普罗米修斯 Prometheus - 入门 Getting Started - 《Prometheus中文文档》

下载并运行Prometheus
配置Prometheus监控自己
启动Prometheus
用表达式查看采集到的数据
使用图形界面
启动一些示例的目标
配置Prometheus监控示例目标（targets）
为新收集到的时间序列数据配置规则

   本指南是一个“helloworld”风格的教程，演示如何安装、配置和使用一个简单的Prometheus实例。你将下载并运行Prometheus在本地，配置它去采集自己和实例程序的数据，然后用收集到的数据进行查询、配置规则、图形化查看等实践。

下载并运行Prometheus

下载最新版本的Prometheus到你的服务器上，然后解压并运行它：

tar xvfz prometheus-*.tar.gz
cd prometheus-*

在启动Prometheus之前，让我们来配置一下它。

配置Prometheus监控自己

Prometheus采集指标通过HTTP 端点，去采集目标的数据。
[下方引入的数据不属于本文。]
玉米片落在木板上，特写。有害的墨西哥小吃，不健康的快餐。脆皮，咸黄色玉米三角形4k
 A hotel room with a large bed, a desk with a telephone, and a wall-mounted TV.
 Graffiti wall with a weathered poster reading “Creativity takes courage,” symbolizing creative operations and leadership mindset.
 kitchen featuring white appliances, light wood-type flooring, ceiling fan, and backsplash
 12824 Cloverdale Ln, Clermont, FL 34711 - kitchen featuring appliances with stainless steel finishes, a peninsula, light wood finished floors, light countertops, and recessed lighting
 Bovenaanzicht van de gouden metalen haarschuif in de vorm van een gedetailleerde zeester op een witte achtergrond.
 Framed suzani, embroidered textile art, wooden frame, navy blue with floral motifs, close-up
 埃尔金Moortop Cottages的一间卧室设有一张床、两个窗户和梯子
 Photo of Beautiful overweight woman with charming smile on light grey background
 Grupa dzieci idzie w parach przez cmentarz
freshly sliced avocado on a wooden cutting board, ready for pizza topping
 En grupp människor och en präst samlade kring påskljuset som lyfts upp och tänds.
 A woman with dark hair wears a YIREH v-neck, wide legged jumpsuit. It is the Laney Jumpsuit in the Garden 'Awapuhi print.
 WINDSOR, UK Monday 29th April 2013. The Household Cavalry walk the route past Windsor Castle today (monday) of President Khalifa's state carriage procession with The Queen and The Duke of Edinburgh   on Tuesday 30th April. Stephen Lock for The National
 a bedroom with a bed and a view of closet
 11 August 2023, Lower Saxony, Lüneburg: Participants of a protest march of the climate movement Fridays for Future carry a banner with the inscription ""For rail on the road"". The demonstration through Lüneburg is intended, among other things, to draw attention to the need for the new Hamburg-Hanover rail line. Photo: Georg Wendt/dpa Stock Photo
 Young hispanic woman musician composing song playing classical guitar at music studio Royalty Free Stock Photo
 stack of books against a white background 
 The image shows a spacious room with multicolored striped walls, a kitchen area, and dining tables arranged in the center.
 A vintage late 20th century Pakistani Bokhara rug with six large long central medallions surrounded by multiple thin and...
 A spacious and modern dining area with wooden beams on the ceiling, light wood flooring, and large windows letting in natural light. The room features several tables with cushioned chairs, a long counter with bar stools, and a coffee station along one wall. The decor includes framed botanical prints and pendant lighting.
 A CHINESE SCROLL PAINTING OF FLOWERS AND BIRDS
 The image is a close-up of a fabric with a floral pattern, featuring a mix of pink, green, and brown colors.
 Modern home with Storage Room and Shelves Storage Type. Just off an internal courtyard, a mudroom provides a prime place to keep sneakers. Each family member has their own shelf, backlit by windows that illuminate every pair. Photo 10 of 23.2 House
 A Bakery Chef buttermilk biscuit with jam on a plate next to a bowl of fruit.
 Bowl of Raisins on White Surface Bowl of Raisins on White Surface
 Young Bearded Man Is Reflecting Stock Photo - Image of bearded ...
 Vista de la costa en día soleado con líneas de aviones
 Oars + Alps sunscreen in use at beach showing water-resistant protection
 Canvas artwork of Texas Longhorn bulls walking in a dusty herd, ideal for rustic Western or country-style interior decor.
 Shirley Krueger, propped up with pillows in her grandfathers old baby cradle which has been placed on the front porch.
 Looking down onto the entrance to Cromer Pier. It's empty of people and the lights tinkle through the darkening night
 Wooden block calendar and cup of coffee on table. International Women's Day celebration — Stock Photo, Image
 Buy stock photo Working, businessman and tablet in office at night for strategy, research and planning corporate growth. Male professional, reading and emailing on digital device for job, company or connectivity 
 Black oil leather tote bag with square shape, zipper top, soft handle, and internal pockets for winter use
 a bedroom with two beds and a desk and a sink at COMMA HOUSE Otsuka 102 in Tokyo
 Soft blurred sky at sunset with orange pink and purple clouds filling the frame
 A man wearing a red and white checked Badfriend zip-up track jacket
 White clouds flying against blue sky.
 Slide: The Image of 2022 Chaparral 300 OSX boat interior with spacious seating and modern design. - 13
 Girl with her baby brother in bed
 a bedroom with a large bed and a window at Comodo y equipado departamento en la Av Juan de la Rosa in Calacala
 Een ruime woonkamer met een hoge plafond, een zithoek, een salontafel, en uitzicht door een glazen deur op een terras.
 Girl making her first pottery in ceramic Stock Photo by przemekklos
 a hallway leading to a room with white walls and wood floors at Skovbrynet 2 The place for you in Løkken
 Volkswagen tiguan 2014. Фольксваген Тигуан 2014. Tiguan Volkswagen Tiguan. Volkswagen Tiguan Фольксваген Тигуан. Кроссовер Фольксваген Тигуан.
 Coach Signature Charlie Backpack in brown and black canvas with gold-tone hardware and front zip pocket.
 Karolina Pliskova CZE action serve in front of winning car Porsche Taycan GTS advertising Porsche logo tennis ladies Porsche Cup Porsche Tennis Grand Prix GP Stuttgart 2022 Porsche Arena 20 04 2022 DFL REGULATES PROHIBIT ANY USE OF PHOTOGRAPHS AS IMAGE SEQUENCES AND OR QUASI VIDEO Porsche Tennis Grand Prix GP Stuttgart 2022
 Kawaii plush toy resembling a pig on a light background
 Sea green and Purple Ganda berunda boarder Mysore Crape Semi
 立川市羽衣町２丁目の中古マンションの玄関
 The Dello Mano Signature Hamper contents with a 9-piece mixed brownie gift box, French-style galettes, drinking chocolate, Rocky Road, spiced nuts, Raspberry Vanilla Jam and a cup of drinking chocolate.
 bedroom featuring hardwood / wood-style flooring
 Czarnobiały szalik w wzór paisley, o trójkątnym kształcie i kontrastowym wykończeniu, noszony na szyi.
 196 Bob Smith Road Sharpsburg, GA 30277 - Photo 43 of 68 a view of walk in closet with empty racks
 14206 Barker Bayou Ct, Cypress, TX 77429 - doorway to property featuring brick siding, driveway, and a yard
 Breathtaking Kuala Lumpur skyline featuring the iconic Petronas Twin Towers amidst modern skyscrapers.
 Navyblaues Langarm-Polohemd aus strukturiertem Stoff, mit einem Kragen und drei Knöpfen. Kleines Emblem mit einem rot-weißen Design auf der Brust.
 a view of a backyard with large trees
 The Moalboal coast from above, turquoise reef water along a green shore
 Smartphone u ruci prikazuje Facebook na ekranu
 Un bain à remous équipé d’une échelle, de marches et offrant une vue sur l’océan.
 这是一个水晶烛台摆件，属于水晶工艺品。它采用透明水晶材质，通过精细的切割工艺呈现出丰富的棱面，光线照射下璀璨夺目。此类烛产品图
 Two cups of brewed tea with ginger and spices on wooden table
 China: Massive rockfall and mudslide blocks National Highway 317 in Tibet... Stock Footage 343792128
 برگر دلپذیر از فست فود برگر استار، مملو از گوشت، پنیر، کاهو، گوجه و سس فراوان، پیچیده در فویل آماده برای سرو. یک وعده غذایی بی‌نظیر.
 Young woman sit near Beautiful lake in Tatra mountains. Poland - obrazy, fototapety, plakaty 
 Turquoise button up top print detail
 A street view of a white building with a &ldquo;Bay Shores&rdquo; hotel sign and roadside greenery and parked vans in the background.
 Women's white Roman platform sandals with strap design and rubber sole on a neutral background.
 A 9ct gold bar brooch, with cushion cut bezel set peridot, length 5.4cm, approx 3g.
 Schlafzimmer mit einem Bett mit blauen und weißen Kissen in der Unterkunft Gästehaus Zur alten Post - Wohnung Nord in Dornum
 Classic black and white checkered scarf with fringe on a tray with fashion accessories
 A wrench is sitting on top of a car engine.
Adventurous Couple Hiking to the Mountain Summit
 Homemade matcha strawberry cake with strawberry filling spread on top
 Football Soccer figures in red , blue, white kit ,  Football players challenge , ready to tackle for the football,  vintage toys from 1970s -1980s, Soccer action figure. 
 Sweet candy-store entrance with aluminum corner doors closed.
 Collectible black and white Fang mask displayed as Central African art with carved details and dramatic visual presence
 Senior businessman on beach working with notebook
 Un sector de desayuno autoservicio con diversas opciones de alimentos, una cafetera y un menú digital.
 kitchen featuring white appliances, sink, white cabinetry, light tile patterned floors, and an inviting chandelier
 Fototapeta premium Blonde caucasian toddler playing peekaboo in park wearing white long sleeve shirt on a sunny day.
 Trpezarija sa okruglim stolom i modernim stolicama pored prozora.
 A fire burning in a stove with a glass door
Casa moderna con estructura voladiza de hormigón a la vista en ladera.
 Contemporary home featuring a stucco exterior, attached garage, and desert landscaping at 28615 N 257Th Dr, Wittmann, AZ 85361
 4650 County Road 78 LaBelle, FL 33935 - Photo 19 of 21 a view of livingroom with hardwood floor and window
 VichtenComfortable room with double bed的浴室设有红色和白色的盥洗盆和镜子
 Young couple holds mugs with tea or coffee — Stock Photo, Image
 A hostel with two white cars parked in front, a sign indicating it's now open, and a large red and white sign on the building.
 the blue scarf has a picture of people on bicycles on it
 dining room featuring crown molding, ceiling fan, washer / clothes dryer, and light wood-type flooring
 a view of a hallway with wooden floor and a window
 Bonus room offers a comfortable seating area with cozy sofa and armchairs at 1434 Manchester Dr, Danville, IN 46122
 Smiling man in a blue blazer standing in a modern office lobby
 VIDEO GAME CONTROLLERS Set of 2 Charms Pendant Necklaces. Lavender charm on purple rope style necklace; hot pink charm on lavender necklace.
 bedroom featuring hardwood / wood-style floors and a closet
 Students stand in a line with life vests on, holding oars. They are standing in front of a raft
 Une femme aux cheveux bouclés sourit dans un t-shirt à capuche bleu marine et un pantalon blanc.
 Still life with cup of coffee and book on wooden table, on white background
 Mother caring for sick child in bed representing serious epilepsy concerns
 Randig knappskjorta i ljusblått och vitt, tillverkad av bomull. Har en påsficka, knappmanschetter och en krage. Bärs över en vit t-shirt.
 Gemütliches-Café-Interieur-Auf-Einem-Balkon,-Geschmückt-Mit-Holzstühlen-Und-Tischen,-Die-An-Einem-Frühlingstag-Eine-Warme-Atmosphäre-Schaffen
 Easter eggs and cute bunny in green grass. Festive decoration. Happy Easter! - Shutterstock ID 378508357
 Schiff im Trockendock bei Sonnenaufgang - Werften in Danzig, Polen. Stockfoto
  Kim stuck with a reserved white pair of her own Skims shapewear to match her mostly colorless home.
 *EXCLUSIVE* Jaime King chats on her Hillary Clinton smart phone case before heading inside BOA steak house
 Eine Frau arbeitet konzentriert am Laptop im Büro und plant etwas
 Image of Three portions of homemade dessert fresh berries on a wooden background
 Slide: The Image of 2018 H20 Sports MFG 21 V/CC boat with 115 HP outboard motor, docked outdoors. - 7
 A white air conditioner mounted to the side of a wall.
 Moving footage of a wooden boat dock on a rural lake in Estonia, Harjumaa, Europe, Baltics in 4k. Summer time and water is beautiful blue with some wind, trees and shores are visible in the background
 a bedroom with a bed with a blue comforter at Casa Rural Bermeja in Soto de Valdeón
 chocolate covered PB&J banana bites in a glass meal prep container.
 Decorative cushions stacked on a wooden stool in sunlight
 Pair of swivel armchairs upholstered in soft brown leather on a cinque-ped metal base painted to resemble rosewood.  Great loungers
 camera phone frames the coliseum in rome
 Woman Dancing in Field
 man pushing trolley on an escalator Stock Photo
由于Prometheus以同样的方式暴露自己的数据，所以它可以采集和监控自己的健康状态。
虽然只收集自身数据的Prometheus服务器不是很有用，但它是一个很好的开始示例。
将以下Prometheus的配置另存为名为prometheus.yml的文件：

global:
  scrape_interval:     15s # By default, scrape targets every 15 seconds.
  # Attach these labels to any time series or alerts when communicating with
  # external systems (federation, remote storage, Alertmanager).
  external_labels:
    monitor: 'codelab-monitor'
# A scrape configuration containing exactly one endpoint to scrape:
# Here it's Prometheus itself.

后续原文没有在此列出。